* _ACTIVITY_
Leave the pictures in the listing below aside and reproduce exactly the lines starting with the one with "Alma Kunath's profile image" and going on through the one with "Guttergore1's tweet image.", both ends included.

* _INPUT DATA_
◆ ◆ ◆ ◆
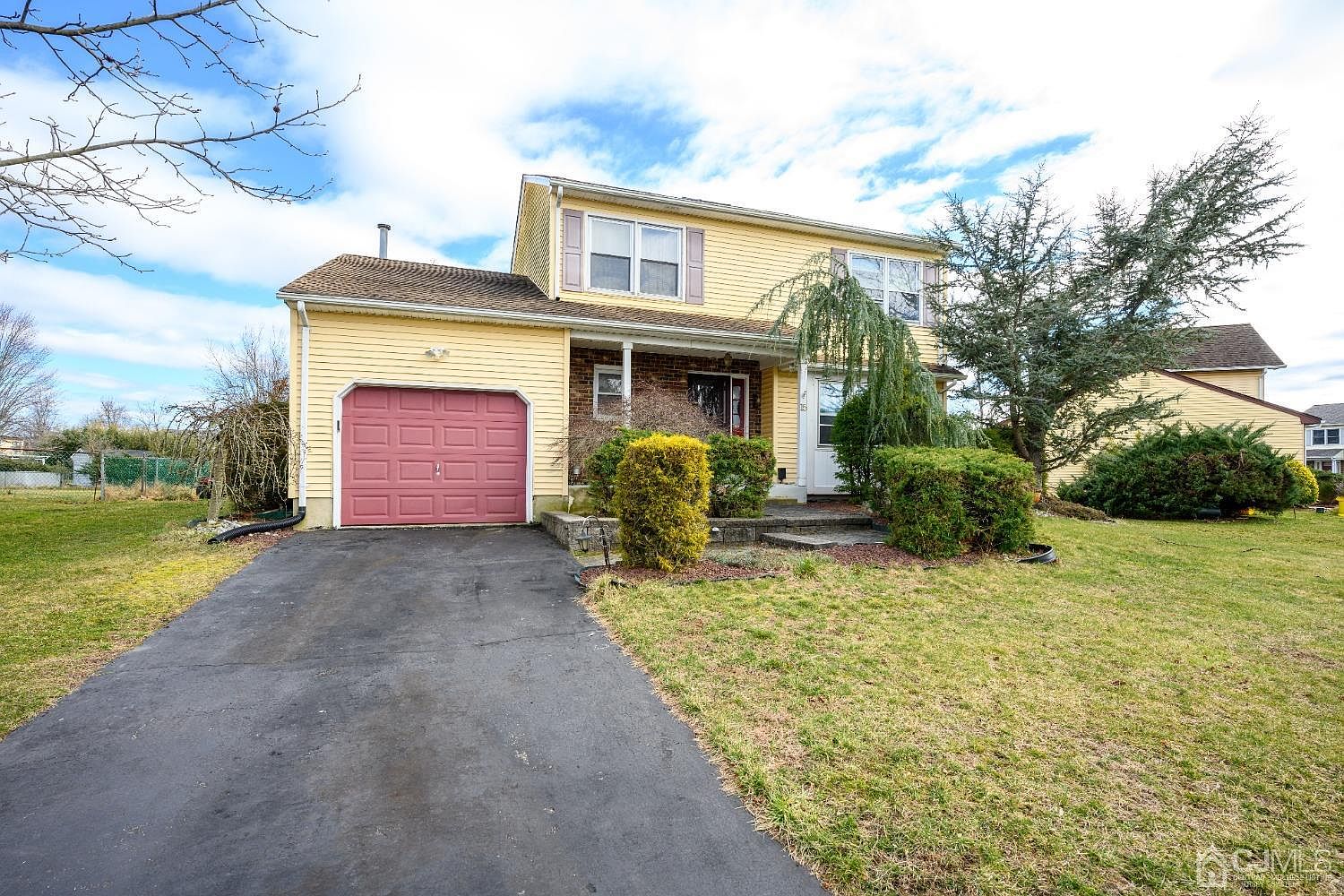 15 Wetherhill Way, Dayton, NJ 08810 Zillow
◆ ◆ ◆ ◆
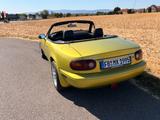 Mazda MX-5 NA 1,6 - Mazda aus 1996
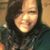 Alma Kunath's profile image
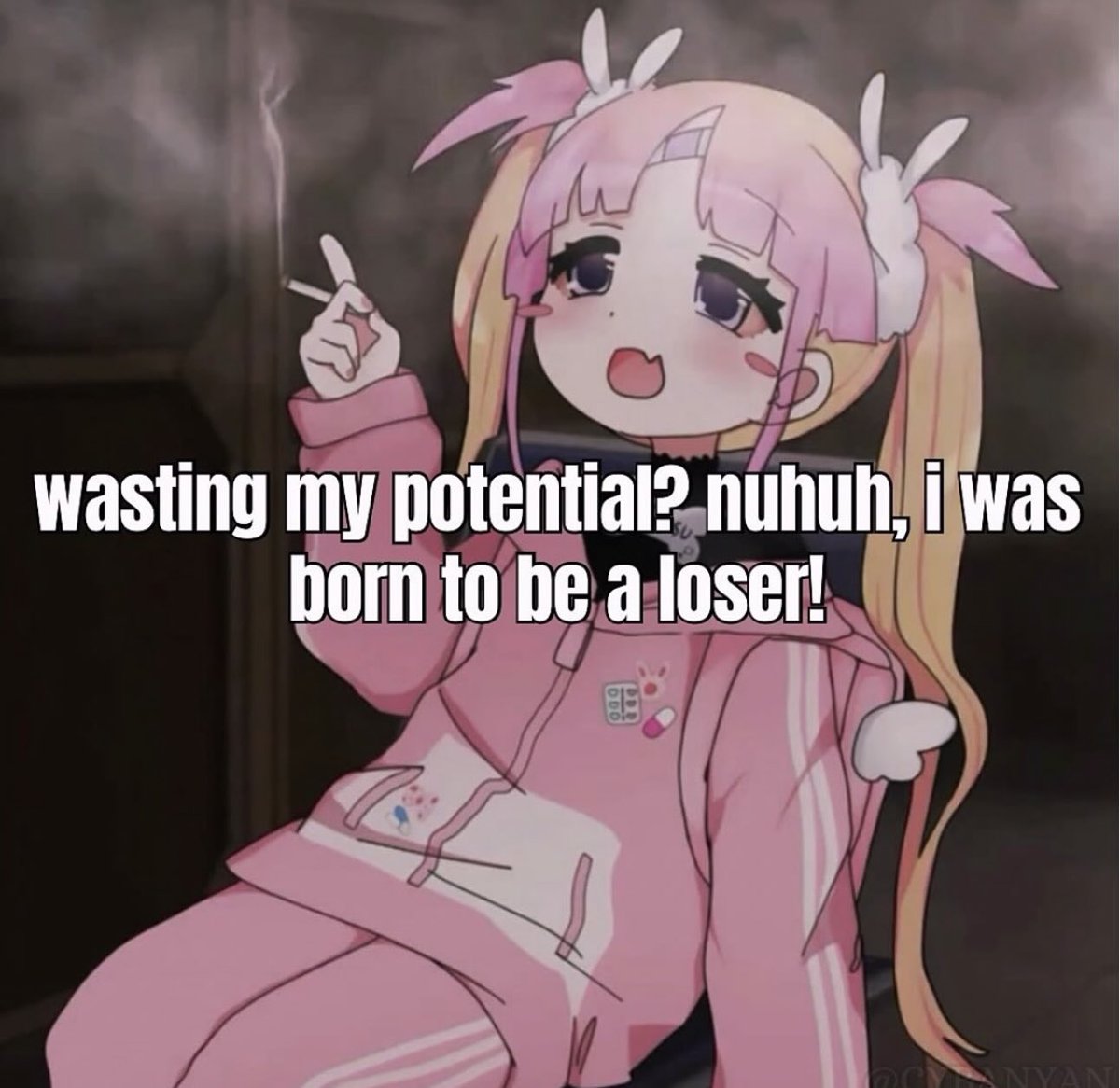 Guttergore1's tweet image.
◆ ◆ ◆ ◆
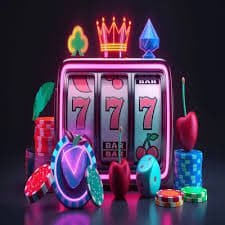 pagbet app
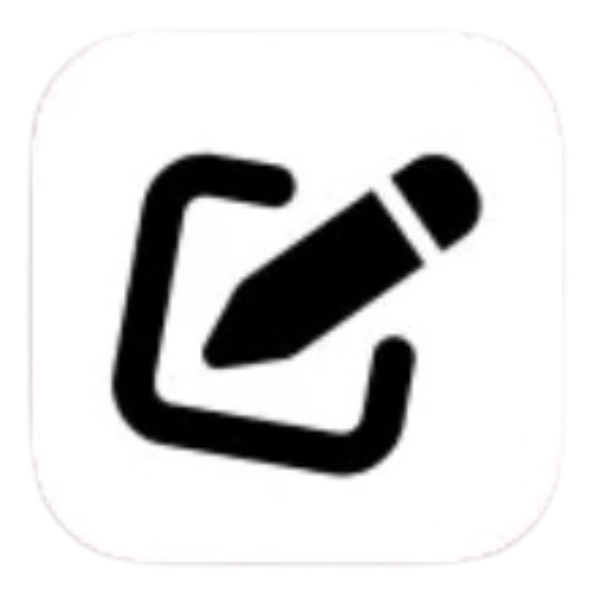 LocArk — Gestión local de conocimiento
◆ ◆ ◆ ◆
* _RESULT_
 Alma Kunath's profile image
 Guttergore1's tweet image.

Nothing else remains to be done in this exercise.